Mark Cabonce, MS, DABT and Kim Ehman, Ph.D., DABT, WuXi AppTec05.02.22
Outsourcing pre-clinical safety testing or keeping it in-house is a nuanced and multi-factored decision. Large manufacturers may have the expertise to conduct required testing but lack the capacity for it. Conversely, laboratory testing partners may provide invaluable experience and regulatory insights that can accelerate testing.
Outsourcing testing makes sense for some manufacturers but not for others. One of the primary considerations manufacturers must weigh is whether the data generated from testing will be complete and robust enough to meet regulators’ expectations and achieve a successful submission.
To get to this answer, there are five questions device manufacturers should consider as they consider outsourcing versus in-house chemical characterization testing.
First, highly trained scientists are required to run extractables/leachables (E/L) testing studies, interpret the data, and identify all compounds. Scientists must also understand regulatory expectations, making in-house expertise in this area very challenging. It can be done, just not quickly.
Even manufacturers with state-of-the-art facilities and qualified personnel may need help easing internal capacity issues. Respecting product launch timing is paramount to premarket success, and outsourcing testing is an effective way to alleviate internal pressure and still meet crucial milestones. But it is essential to work with a laboratory testing partner with experience relevant to the manufacturer's research, device type, and methodology. Manufacturers should also ask for client references and review potential partners' workflow and communication processes.

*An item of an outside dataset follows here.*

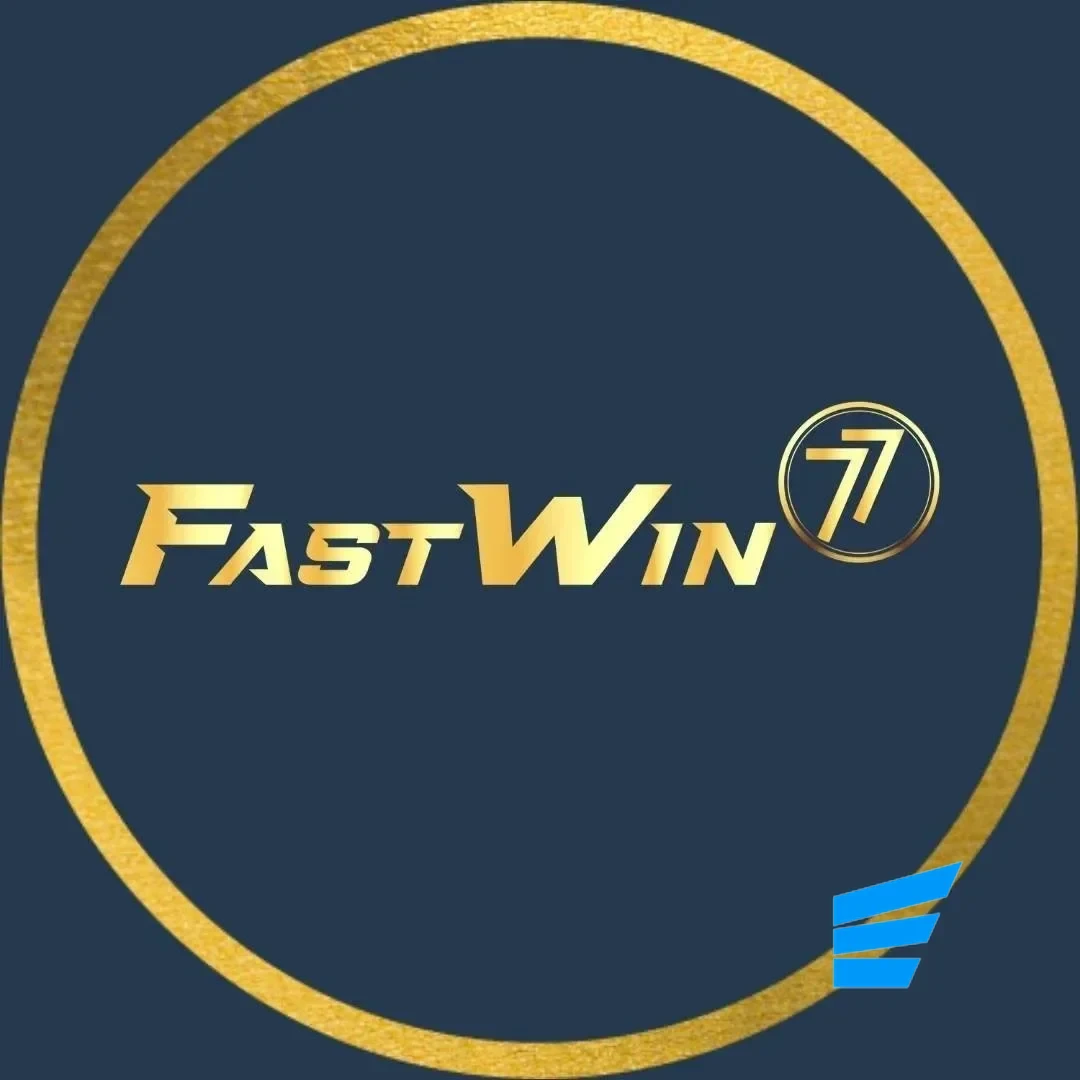 Info Aplikasi fastwin77 Terbaru dan Cara Download dan ollo4d: Rangkuman Brand yang Banyak Dicari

One of the most important techniques for providing physical or chemical information is E/L testing, which can yield thousands of compounds that may or may not have been anticipated. Any compounds found at or above the analytical evaluation threshold (AET) provide the basis for a device's toxicological risk assessment. After chemists identify and quantify compounds at or above the AET, toxicologists evaluate each compound’s potential risk. When the margin of safety (MOS) for one or more compound is less than 1 (i.e., estimated exposure exceeds a tolerable intake), the toxicological risk assessment (TRA) may be considered "equivocal" and require mitigation strategies (i.e., simulated-use chemical characterization or targeted analytical studies) to satisfy regulators' concerns and support the device’s biocompatibility.

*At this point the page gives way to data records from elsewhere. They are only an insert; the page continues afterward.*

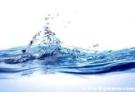 软化纯净水是什么意思？软化纯净水和纯净水的区别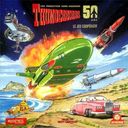 Thunderbirds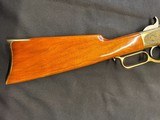 Henry Golden Boy in 44-40 Caliber - 10 of 10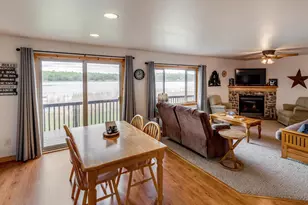 23886 State 87, Nevis, MN 56467 - Photo 14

The FDA expects manufacturers to understand and document all chemical constituent data points including:
When considering the compounds used to manufacture and package medical devices, inaccuracies, oversights, or unknowns should be regarded as unacceptable. Lab partners guide numerous medical devices toward regulatory success every year. Those with advanced chemical and toxicological capabilities can provide the critical rationale for how a specific device meets or exceeds safety thresholds. Unknown compounds can derail a medical device's submission package and jeopardize its chances for approval. More importantly, unidentified compounds from E/L studies in medical devices could compromise patient safety.
Simulated-use extractions and targeted analysis are often effective risk mitigations strategies. Simulated-use studies test devices under physiologically relevant conditions—human body temperature, saline solutions, etc.—to determine a realistic patient exposure to potentially harmful chemicals. Targeted analyses compare chemicals of concern against known standards to quantify them precisely, but these analyses are not an option when a constituent cannot be clearly identified. These studies are generally more effective when few potentially problematic constituents exist because of the specificity required.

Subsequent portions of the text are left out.